Bwilson13 · ‎11-14-2022

I know it's odd but that's the Thinkpad dock's MAC address. And thanks for providing the debugs!!

Arne Bier · ‎11-14-2022

I would not have expected that MAC OUI prefix from a dock. Anyway.

If you're using Lenovo Docking Stations and Lenovo laptops, and if you have the supported product mix, then you should enable MAC Address Passthrough. I found that in my Lenovo X1 it was disabled by default. The benefit of enabling this is that the MAC address of the dock is then no longer used - the MAC address in the laptop BIOS is passed through onto the wire.
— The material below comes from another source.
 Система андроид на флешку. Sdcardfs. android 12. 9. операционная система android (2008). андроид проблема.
It's a much better experience because your users might hot-desk - or in general, it's nice to see the real laptop MAC address - we don't care about MAC addresses of docking stations.

Greg Gibbs · ‎11-14-2022

This sounds strikingly similar to another recent discussion on this community...
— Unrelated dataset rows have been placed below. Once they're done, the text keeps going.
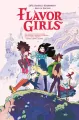 Flavor girls - tantis.pl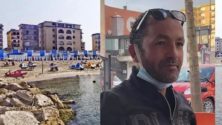 En Italie, ce Marocain perd la vie en sauvant, héroïquement, la vie de deux enfants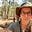 The Humble Hollar Homestead's avatar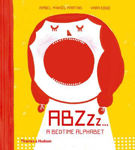 Picture of ABZZz...: A Bedtime Alphabet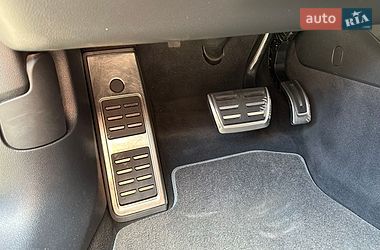 Універсал Audi A4 2018 в Ямполі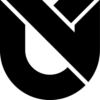 ˹˴ѧ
Docking Station Best Practice with 802.1x Authentication and Cisco ISE

Since legacy IBNS (1.0) was mentioned, this could be related to the expected FlexAuth behavior discussed there.

Bwilson13 · ‎11-14-2022

Thanks, Gregg! Would FlexAuth be a factor here if the order and priority is dot1x then mab? Because that's the configuration across all host interfaces on my 3850s.
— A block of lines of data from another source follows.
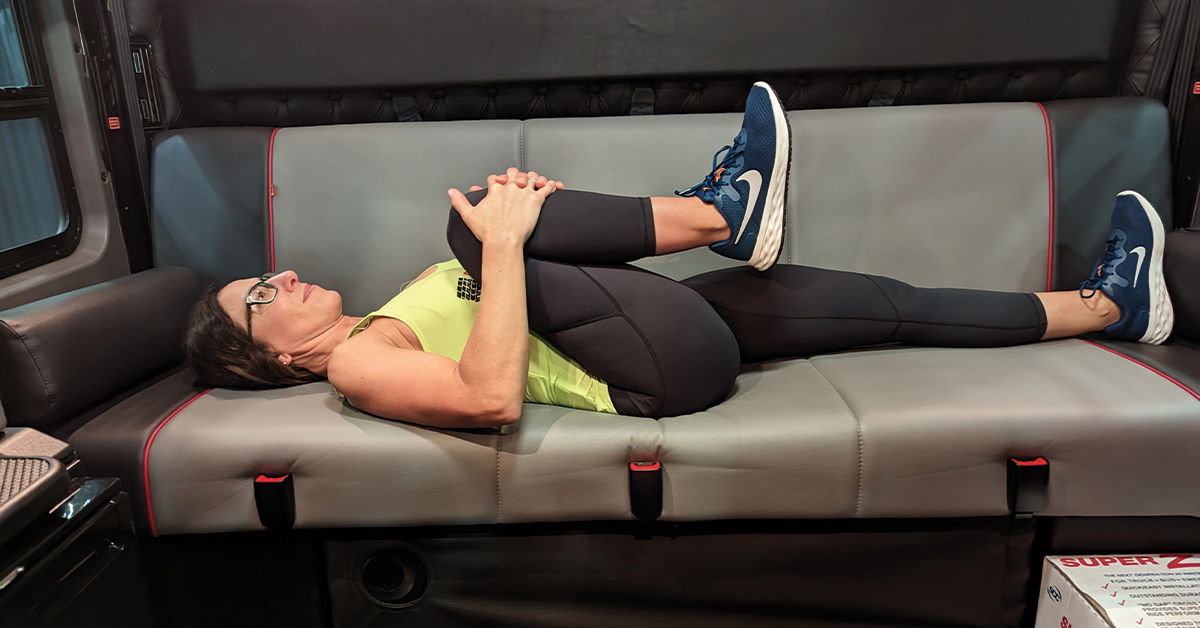 Mother-Trucker-Yoga-2-1200x628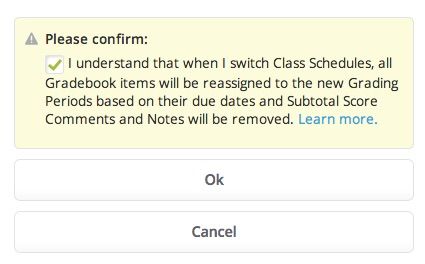 Confirm.jpg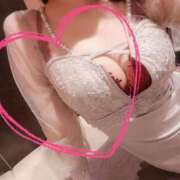 ヒメ日記 2025/05/19 15:57 投稿 日高　佳乃 プルプル倶楽部 札幌すすきの店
This is a standard topology without showing the docking station but it's between the X1 and 8851.

Greg Gibbs · ‎11-14-2022

It's the same session manager authentication engine, so I'm not sure if the same behaviour might be seen with both the order and priority using 'dot1x mab'. Most of the customers I've worked with (with legacy IBNS) used 'order mab dot1x' and 'priority dot1x mab' to avoid the delays for MAB endpoints.
It still might be worth trying to add the 'termination-action-modifier=1' to see if it makes a difference. These types of issues can be difficult to troubleshoot, so if that AVpair does not make a difference, you would likely need to look at getting debugs, packet captures, and potentially engage TAC.

Bwilson13 · ‎11-15-2022

Thanks, Gregg!

Bruce

Bwilson13 · ‎11-17-2022

Arne or Gregg - There's something that I found strange on the show auth session int details across my environment and was looking to confirm what this means.

It appears that with most Lenovo X1 laptop connected to a docking station the session timeout field is N/A but with every Lenovo desktop I can see the session timeout timer.

Lenovo desktop:

Lenovo X1 laptop connected to docking station:

Could this impact the switch's ability to know when the endpoint is connected and it's session has begun?

Thanks,

Bruce

Arne Bier · ‎11-17-2022

Session timeout will have been provided by ISE (Server) - if you look further into the show access-session output, you will see "Server Policies" - and perhaps something like the following

Server Policies:
      Session-Timeout: 28800 sec